# The load is lifted up on the cord with an acceleration of 6 m / s2, then lowered with the same

**The load is lifted up on the cord with an acceleration of 6 m / s2, then lowered with the same acceleration, determine the ratio of the cord elongations**

a = 6 m / s2.

g = 9.8 m / s2.

x1 / x2 -?

Let’s write Newton’s 2 law for a load: m * a = N + m * g, where m is the mass of the load, a is the acceleration of the load, N is the elastic force of the cord, m * g is the force of gravity.

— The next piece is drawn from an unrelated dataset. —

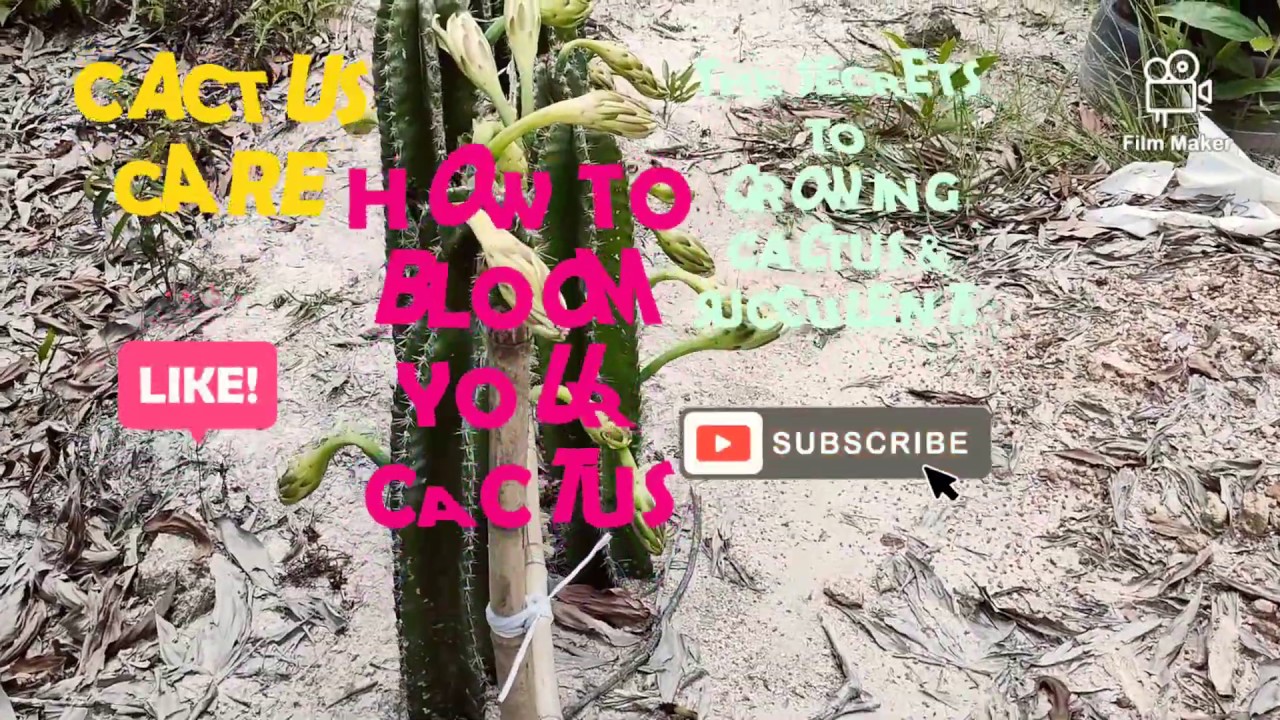 How To Bloom Your Cactus | Night Blooming Cereus Updates #Cereus #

According to Hooke’s law: N = k * x, where k is the stiffness of the cord, x is the elongation of the cord.

Let’s write 2 Newton’s law for projections on the vertical axis OU directed upwards.

1) For movement with acceleration a directed upwards.

m * a = N – m * g.

m * a = k * x1 – m * g.

k * x1 = m * (a + g).

x1 = m * (a + g) / k.

2) For movement with acceleration a directed downward.

– m * a = N – m * g.

– m * a = k * x2 – m * g.

k * x2 = m * (g – a).

x2 = m * (g – a) / k.

x1 / x2 = m * (a + g) * k / k * m * (g – a) = (a + g) / (g – a).

x1 / x2 = (9.8 m / s2 + 6 m / s2) / ((9.8 m / s2 – 6 m / s2) = 4.2.

Answer: x1 / x2 = 4.2.